MNB
- Country: Mongolia
- Broadcast area: Mongolia Asia (via satellites)
- Headquarters: Ulaanbaatar, Mongolia

Programming
- Picture format: SECAM (576i) HDTV (1080i)

Ownership
- Owner: Mongolian National Broadcaster
- Sister channels: MNB Mongolian News MNB Sport HD MNB World

History
- Launched: March 14, 1951 (original) March 14, 1951 (experimental) March 14, 1952 (trial) March 14, 1953 (regular) September 27, 1967 (relaunch)
- Closed: April 1, 1964 (original)
- Former names: Mongolian National Television (MNTV)

Links
- Website: http://www.mnb.mn

= MNB (TV channel) =

Television channel of Mongolia

MNB, an onscreen brand of what is officially known as , shortened as МҮОНТ-1, Mongolian script: ᠮᠣᠩᠭᠣᠯ ᠬᠡᠯᠡᠨ ᠦ ᠦᠨᠳᠦᠰᠦᠲᠡᠨ ᠦ ᠨᠡᠶᠢᠲᠡ ᠶᠢᠨ ᠲᠧᠯᠧᠢᠰ ᠬᠣᠷᠢᠶ᠎ᠠ 1), is a television channel owned by the Mongolian National Broadcaster (MNB), the official, state-funded broadcaster in Mongolia. On average, the channel broadcasts for 17 hours a day, from 07:00 to midnight. MNB can be viewed worldwide on MNB's website.

==History==
The television station was built in 1948 with joint Soviet and Mongolian funding. On March 14, 1953, the Mongolian National Television started broadcasts, and with it started Mongolian TV Broadcasting. MNTV Ceased broadcasting in 1964. MNTV was reestablished in 1967. Coverage was limited to Ulan Bator with a relay in Darkhan being added shortly after. Satellite delivery began in 1970 when it joined the Orbita satellite, enabling a national expansion. At the time, Mongolian TV only broadcast three hours a day. Initially all programmes were broadcast live but in December 1971 the Mongolian TV studios opened and another important step towards improving the quality of the images and enabling the pre-recording of documentaries and short films was taken. This in turn enabled the broadcast schedule to become much more varied and entertaining. Since the 1980s Mongolian National Broadcaster began working with a new generation of equipment made in Japan, France and Soviet Union and this, along with a new TV centre being put into commission, made the transition to colour possible. The conversion was complete in December 1988.

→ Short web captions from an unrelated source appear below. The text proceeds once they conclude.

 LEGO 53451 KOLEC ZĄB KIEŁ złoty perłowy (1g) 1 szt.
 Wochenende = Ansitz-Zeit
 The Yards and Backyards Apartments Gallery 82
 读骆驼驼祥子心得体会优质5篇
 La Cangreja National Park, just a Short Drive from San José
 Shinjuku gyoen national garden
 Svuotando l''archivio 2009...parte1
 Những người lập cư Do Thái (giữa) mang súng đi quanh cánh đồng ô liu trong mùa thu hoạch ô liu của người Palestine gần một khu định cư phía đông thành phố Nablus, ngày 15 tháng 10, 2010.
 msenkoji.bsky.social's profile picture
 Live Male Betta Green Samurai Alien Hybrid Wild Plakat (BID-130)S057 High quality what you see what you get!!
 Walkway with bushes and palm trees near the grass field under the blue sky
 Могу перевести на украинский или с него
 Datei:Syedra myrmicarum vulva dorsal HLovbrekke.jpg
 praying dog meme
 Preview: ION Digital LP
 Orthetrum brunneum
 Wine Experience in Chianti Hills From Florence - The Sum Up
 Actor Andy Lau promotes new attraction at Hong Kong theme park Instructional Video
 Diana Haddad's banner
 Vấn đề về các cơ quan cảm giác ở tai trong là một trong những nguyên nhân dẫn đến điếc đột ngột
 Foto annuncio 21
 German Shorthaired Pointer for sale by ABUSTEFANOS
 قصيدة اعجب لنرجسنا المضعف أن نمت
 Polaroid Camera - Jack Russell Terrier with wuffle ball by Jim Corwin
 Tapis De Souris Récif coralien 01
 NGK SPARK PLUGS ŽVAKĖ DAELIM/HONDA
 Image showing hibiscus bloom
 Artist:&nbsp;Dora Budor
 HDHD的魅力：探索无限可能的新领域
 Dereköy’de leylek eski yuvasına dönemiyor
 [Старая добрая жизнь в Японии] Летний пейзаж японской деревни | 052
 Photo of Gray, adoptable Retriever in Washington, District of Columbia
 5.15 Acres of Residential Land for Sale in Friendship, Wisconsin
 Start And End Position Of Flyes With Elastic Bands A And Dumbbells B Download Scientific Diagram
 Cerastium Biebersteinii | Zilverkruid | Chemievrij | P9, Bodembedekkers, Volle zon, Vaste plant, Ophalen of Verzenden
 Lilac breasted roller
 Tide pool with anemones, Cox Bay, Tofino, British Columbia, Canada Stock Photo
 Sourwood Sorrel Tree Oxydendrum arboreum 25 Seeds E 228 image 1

During communist rule, Mongol Television was a propaganda tool, showing a supposedly flawless Mongolia. It was the monopoly until the early-1990s, when it lost its monopoly to the private sector. Until 1992, it did not broadcast on all days of the week, viewers with Orbita's Intersputnik channel (which delivered programs from other Socialist countries and Cuba) had access to a seven-day service. Mongolian National Television, by contrast, broadcast four nights a week until 1986. The Soviet government built a new television center in 1988, enabling the improvement in broadcast hours and in infrastructure.

Until the mid-1980s, programs were only watched by a small percentage of the population but with the help of radio relay lines reception was extended. This development, coupled by the new television center and the rise of perestroika and glasnost in the USSR, led to new program genres appearing, including increased amounts of programs for children and youth. In 1991 it began broadcasting via the Asiasat satellite and this allowed its programs to be received in even the remotest parts of Mongolia. Today some 70% of the country's population watch the national TV channel.

In October 2000, MNTV moved the airtime of its evening news program Tsagiin Hürd (The Wheel of Time) from 9pm to 8pm, coinciding with Eagle TV's newscast. This came as part of a broader revamp of the channel, which also included a morning news service. Mongolian National Television was reorganized into the current MNB on January 27, 2005; the channel's name changed accordingly.

By the 2000s, after the arrival of democracy, MNB was still conservative. Forum, the country's biggest political talk show as of 2006, was financed by the Open Society Foundations, which helped democratize media in Mongolia.